Recently I’ve started watching the show Hannibal. The show follows special investigator Will Graham as he helps the FBI investigate several serial killers. As Will’s work and his technique of emphasizing with the killers to understand and catch them take a toll on his mental stability, Will seeks the help of psychiatrist Dr. Hannibal Lector, who begins to manipulate Will to his own ends. 

Hannibal, as you might remember from The Silence of the Lambs (which I must disclose I have yet to watch), is a cannibal, yet he is nothing like the wild beast that Lycaon becomes. Instead, he is the picture of sophistication, wearing three-piece suits almost every day, playing the harpsichord and theremin, going to the opera, and cooking multi-course meals for himself and his coworkers, although whether the meat in those meals is animal or human is never quite made clear. While all of this may be in line with the picture of a cold and calculating psychopath, it certainly goes against the grain of what one would expect a cannibal to be like. 

As Will Graham begins to grow wise to exactly what kind of person Dr. Lector is, these growing suspicions mixed with his disintegrating mental state lead Will to start hallucinating Hannibal as a dark, emaciated creature with horns like a stag’s. This desire of Will’s to make his understanding of Hannibal’s inner nature into something physical mirrors the desire for only what is good to appear beautiful, or at least to appear human. 
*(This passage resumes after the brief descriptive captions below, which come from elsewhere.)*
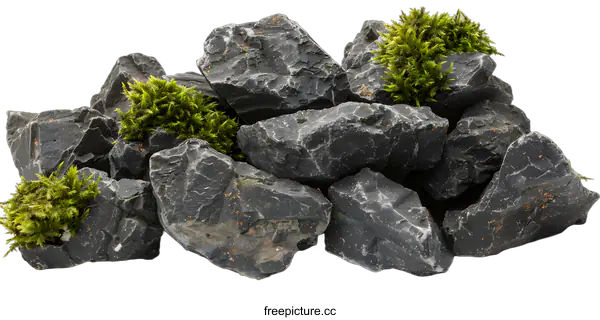 [Transparent Background PNG]Grey Rocks With Green Moss Texture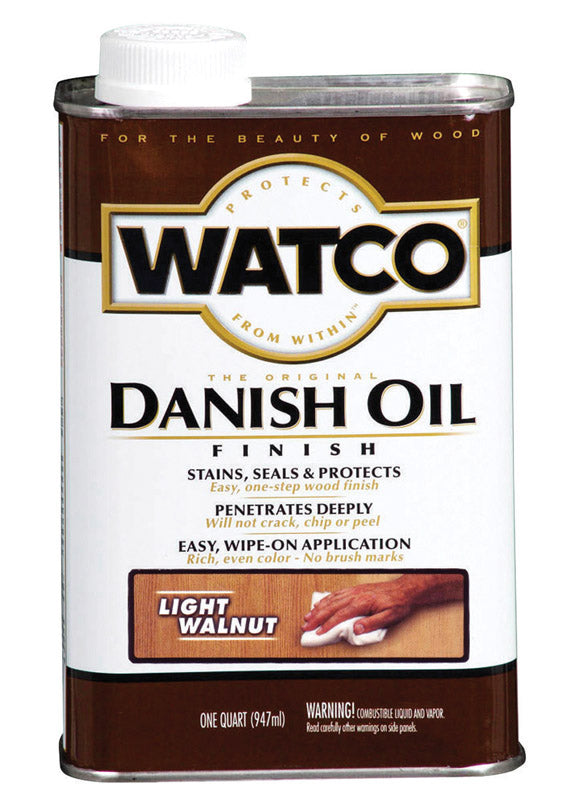 WATCO Transparent Light Walnut Oil-Based Danish Oil 1 qt (Pack of 4)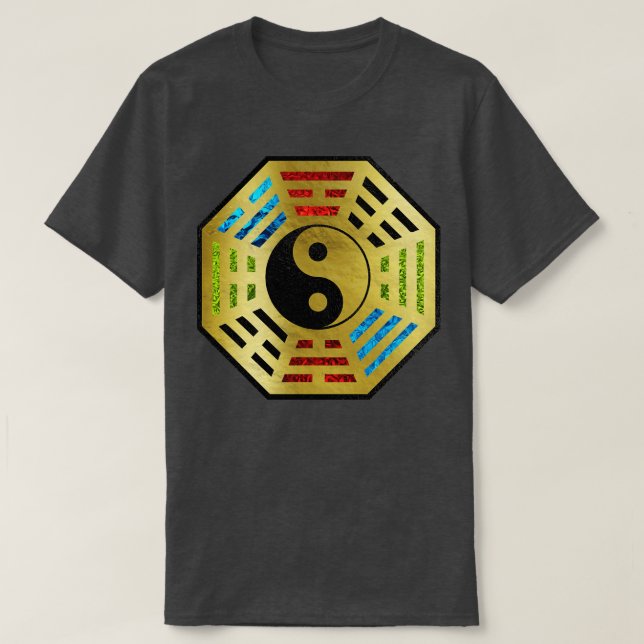 Yin och Yang Bagua Feng shui hieroglyphs T Shirt (Design framsida)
But in TV and real life, the world is more complicated than fairytales. Many times, the monsters hide in plain sight.

5 Comments

  1. Anna

    Have you ever listened to the podcast Myths and Legends? It is my favourite for its gently cynical humour, but also because the host really digs into a lot of the history of these stories (i.e. primary texts and versions) and deals a lot with how monsters and beauty/lack thereof are portrayed in original texts and such, especially in more recent episodes (circa 2018 and onwards).
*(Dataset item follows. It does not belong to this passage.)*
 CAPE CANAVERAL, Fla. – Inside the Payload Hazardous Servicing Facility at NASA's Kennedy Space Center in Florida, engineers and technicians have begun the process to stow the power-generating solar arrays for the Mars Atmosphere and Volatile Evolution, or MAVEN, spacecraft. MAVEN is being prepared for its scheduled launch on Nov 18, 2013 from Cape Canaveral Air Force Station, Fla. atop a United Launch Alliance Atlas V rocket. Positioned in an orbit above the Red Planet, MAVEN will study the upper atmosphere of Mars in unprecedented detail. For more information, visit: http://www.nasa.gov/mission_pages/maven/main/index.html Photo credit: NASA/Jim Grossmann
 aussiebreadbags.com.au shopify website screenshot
    Anyway, there’s a lot of resonance between your thoughts here and that podcast.

    Reply
    • Lauren

      I’ll have to check it out!

      Reply
  2. Josh Parks

    Jeffrey Jerome Cohen!! I read his essay on gray ecology (zombies, rocks, etc.) in a medieval lit class. Such bizarre fun.

    Reply
  3. Laura Sheppard Song

    Love this exploration of what looks monstrous compared to what actually is.

    I watched Silence of the Lambs for the first time this year and it blew me away. Just a really incredible movie in tone and pace. I immediately wanted to watch it again!

    Reply
  4. Kyric Koning

    Certainly a Platonic interpretation. We do so like putting things into neat categorizations. “Monsters” standing in for “monstrous behavior” is a neat shift. Very human too. Always trying to shape our surroundings.

    A nice looking at myth and monsters to see what actually makes myth and monster and reality.